Once we have this value in a register, we need to generate a random position
between 0 and its length. How do we know its length? We know that it will be
10 for the first iteration, 9 for the second iteration, 8 for the third
iteration, and 7 for the fourth (and last) iteration. Since our iteration
counter I starts with 4 and then decrements (with the condition to get out
of the loop when it gets to 0), we know that the pool number length is just
I + 6.
So, we've generated the position P as a random integer number in the [0; I+6)
interval, now what? Now we need to do two things: extract the digit at that
position and shrink the pool number to not include that digit anymore. Digit
extraction is seemingly easy: calculate the factor F in the form of 10^P,
divide the pool number N by F, take the integer part of the result and the
digit will be that integer part modulo 10. However, another hurdle arose:
the 12C does not have any modulo operation, only the operations to take the
integer (INTG) and fractional (FRAC) parts.
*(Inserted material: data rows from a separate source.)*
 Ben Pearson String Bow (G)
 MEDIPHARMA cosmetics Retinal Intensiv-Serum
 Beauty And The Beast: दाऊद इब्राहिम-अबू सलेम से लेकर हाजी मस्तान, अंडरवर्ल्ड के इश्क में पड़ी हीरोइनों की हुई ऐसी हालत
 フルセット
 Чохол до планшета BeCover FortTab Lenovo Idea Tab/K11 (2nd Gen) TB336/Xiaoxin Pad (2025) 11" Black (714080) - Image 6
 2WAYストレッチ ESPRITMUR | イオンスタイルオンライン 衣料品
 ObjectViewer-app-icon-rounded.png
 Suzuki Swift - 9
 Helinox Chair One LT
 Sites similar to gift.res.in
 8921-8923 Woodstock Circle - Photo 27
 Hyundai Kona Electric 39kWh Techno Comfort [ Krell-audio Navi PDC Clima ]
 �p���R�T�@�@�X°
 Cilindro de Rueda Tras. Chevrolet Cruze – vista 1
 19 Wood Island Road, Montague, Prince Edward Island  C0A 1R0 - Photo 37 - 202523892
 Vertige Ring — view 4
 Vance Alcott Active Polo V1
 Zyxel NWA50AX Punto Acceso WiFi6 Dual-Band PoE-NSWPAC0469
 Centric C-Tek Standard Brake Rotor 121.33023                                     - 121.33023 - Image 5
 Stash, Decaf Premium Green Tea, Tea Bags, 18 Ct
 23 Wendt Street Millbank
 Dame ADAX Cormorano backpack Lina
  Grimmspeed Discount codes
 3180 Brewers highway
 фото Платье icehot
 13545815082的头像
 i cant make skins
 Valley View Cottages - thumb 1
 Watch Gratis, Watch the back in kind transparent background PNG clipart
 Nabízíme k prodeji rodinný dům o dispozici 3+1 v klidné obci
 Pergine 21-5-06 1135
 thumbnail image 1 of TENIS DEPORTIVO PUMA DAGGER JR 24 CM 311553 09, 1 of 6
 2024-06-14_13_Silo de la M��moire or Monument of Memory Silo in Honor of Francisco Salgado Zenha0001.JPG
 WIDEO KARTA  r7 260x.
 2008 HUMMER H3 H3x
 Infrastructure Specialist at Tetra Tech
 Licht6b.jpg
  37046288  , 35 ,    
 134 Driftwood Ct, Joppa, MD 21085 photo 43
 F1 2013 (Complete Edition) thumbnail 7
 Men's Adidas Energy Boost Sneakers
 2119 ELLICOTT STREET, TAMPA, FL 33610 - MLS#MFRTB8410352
So, instead of going all the way
to obtaining the modulo, we divide the integer part by 10 and store the
digit as the fractional part of that as it is (from 0 to 0.9). Then, we
update the target number T (initially set to 0) by shifting it 1 position to
the right and adding this decimal fraction representing the new digit. So,
with the pool number N and position P:
F = 10 ^ P
DP = INTG(N/F)
D = FRAC(DP/10)
T = T/10 + D
That's why, by the way, we naturally obtain the guess numbers between 0 and
1. Now, we need to shrink the pool number N. Remember that
we have the factor F stored and also the integer part (DP) we got from
dividing N by that factor. So, essentially, we need to divide DP further by
10, take an integer part from that, add the fractional part of N/F and then
multiply the result by the factor. Using only the above variables, that
comes down to:
N = N + (INTG(DP/10) - DP) * F
It might also be helpful to cache the DP/10 value since we're calculating
both integer and fractional parts from it. To sum it up, the pseudocode (a
bit BASIC-like but in the terms close to the 12C's instruction set) for
generating all four digits in the result T looks like this:
N = 1234567890
T = 0
I = 4
:GENLOOP
F = 10 ^ INTG(RAND() * (I+6))
DP = INTG(N/F)
DQ = DP / 10
T = T/10 + FRAC(DQ)
N = N + (INTG(DQ) - DP) * F
I = I - 1
IF I = 0 THEN GOTO :MAIN ELSE GOTO :GENLOOP
:MAIN
..
OK, we've got the resulting unique 4-digit number in R (which, along with the
PRNG implementation itself, took 46 steps of the real 12C program, and
that's considering 1234567890 and 10 being set in the registers outside the
program as a part of the first-run game setup). But that just was the first
part of the game. The second part is the main loop where we prompt the
player for the number to guess and then score the input by matching all
digits. This seems to be straightforward: just set up two loops, increase
the number of bulls if the digits and the indices match, increase the number
of cows if just the digits match and the indices is different... but to do
this in a size-efficient way is quite a challenge of its own. In order to
actually compare the numbers digit by digit, we shift each of them by
multiplying by 10 and taking the integer part, then, again, using the
fractional trick on their integer parts difference divided by 10. We don't
need the actual digit values to be whole, just need to get 0.0 difference to
spot a match. If a match has been spotted, we increase the score by 1, but
also increase it by another 9 if the indices are equal too. Finally, we
restore the guess number after we've fully gone through the inner loop and
the target number after we've fully gone through the outer loop by dividing
them by 10000 (another constant that had to be placed into a register during
the first-run setup).
As a "last-minute change", I decided to actually move the guess value
adjustment to the point _before_ the inner loop starts, so that the player
actually can enter just four digits without the decimal point. This wasn't
present in the first version of the game, by the way.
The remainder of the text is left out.